** Opening Information given block **

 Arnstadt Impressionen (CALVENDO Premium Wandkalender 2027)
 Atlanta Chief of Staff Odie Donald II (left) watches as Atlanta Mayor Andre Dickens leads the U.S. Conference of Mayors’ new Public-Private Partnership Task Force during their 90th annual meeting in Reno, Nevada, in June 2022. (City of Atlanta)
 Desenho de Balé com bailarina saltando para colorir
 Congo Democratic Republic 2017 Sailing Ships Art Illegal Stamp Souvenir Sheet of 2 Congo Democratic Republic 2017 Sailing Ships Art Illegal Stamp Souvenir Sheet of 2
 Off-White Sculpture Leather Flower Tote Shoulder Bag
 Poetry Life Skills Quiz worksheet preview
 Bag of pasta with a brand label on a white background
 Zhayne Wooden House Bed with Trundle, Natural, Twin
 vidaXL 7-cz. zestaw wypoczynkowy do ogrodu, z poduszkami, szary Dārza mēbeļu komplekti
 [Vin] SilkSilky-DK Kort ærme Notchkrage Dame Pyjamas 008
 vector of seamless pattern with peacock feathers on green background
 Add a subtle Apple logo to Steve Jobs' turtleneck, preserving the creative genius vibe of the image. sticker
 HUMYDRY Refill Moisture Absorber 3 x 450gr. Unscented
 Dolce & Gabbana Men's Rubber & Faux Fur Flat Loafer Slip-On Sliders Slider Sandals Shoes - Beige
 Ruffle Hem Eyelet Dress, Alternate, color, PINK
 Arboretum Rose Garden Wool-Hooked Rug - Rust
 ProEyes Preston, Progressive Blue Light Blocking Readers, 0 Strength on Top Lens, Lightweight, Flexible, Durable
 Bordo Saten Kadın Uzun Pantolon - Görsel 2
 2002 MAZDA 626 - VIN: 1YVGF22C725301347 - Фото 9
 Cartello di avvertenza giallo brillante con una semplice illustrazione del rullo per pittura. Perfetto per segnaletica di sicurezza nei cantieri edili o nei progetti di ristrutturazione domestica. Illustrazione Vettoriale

** Closing Information given block **

■ What this task involves ■
Write out only the final block of lines, starting at the line with "2002 MAZDA 626" and running to the end of the material.

■ Your solution ■
 2002 MAZDA 626 - VIN: 1YVGF22C725301347 - Фото 9
 Cartello di avvertenza giallo brillante con una semplice illustrazione del rullo per pittura. Perfetto per segnaletica di sicurezza nei cantieri edili o nei progetti di ristrutturazione domestica. Illustrazione Vettoriale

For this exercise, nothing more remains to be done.